## Information supplied
/---
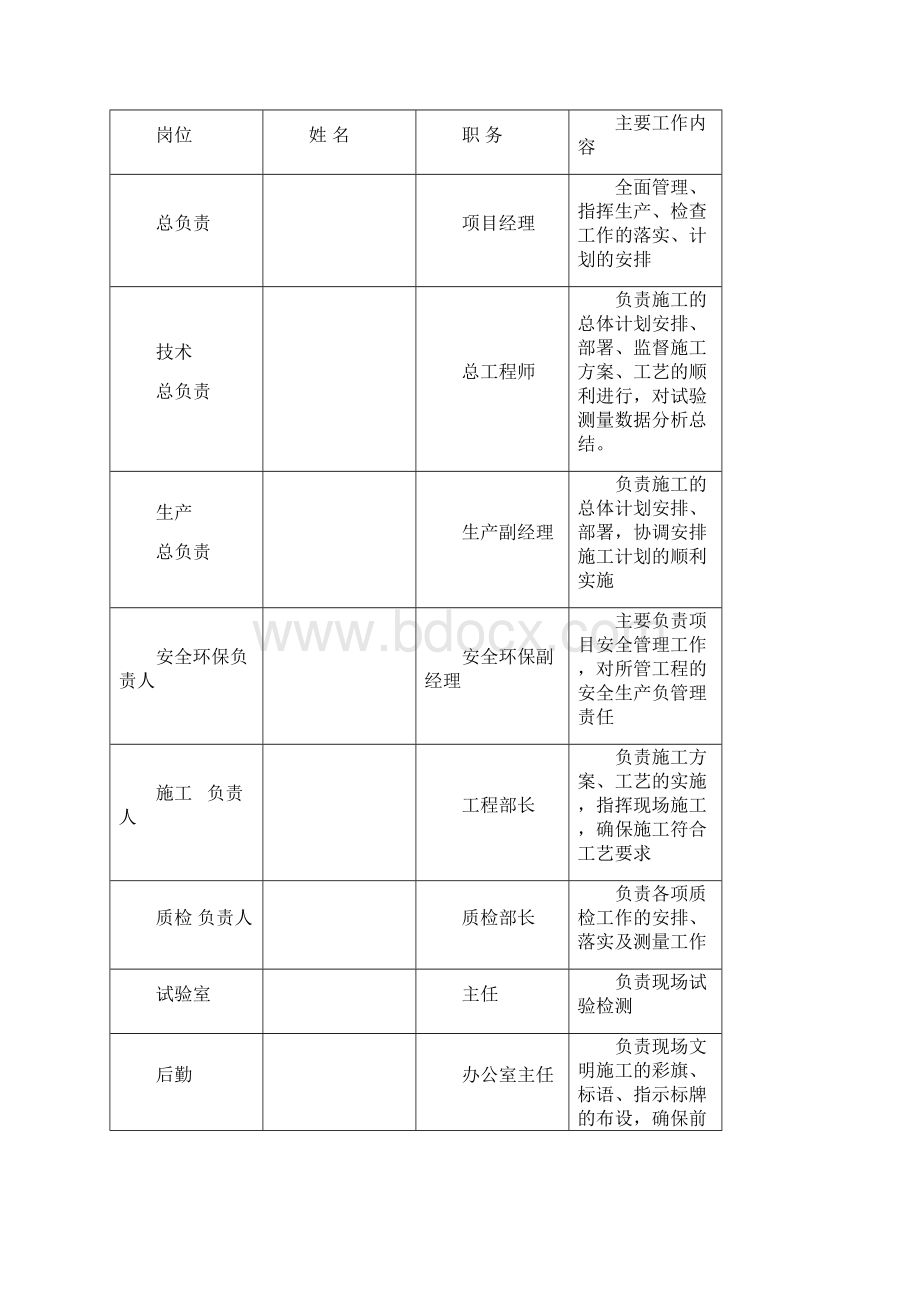 灰土挤密桩和水泥碎石桩实验段施工组织设计.docx_第3页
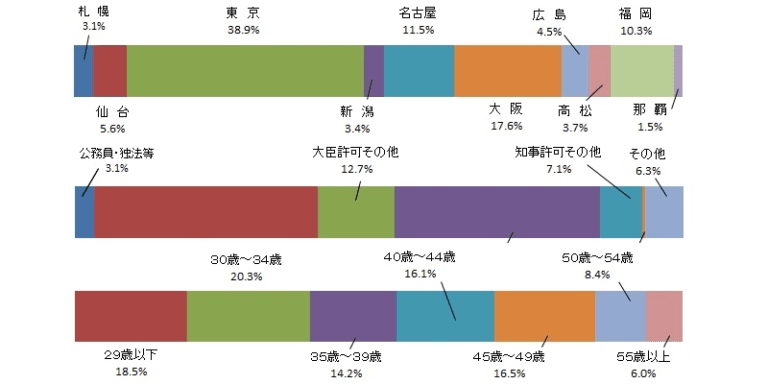 管工事施工管理技術検定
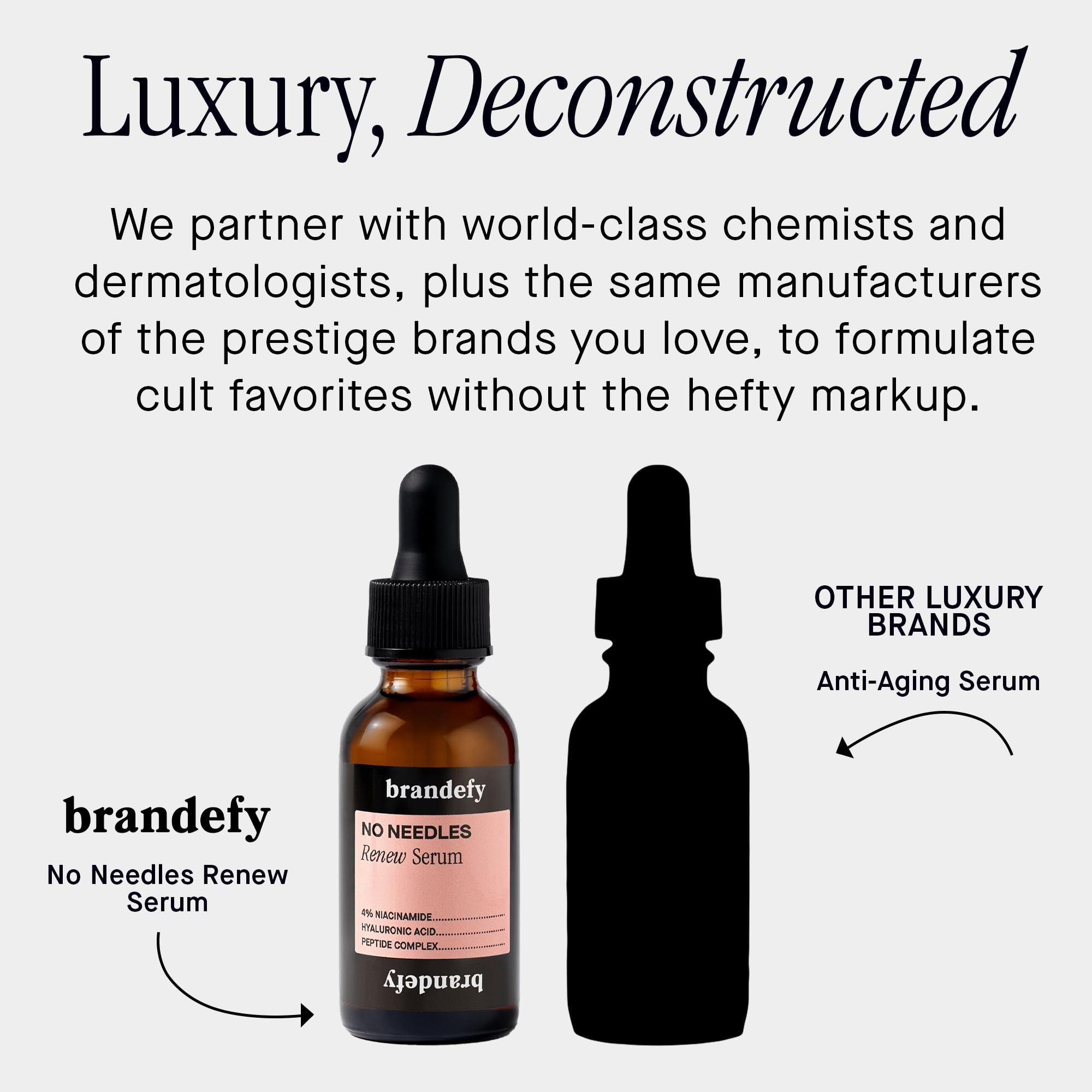 Brandefy serum packaging box presenting gift-ready, clinically-formulated benefit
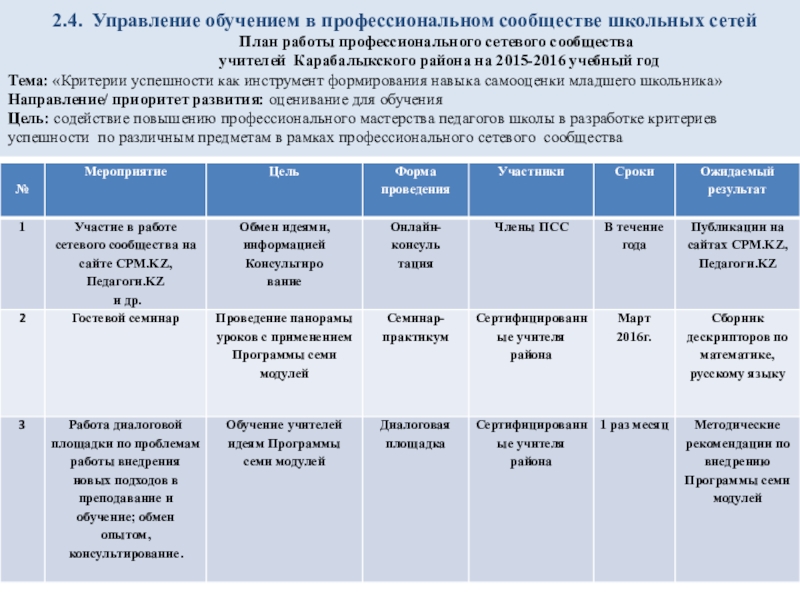 Презентация учителя первого уровня Критерии успешности как фактор формирования самооценки младшего школьника 2.4. Управление обучением в профессиональном сообществе школьных сетей 2.4. Управление обучением в профессиональном сообществе школьных сетей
\---
Leaving out the pictures, reproduce the whole listing above exactly.

## Expected answer
 灰土挤密桩和水泥碎石桩实验段施工组织设计.docx_第3页
 管工事施工管理技術検定
 Brandefy serum packaging box presenting gift-ready, clinically-formulated benefit
 Презентация учителя первого уровня Критерии успешности как фактор формирования самооценки младшего школьника 2.4. Управление обучением в профессиональном сообществе школьных сетей 2.4. Управление обучением в профессиональном сообществе школьных сетей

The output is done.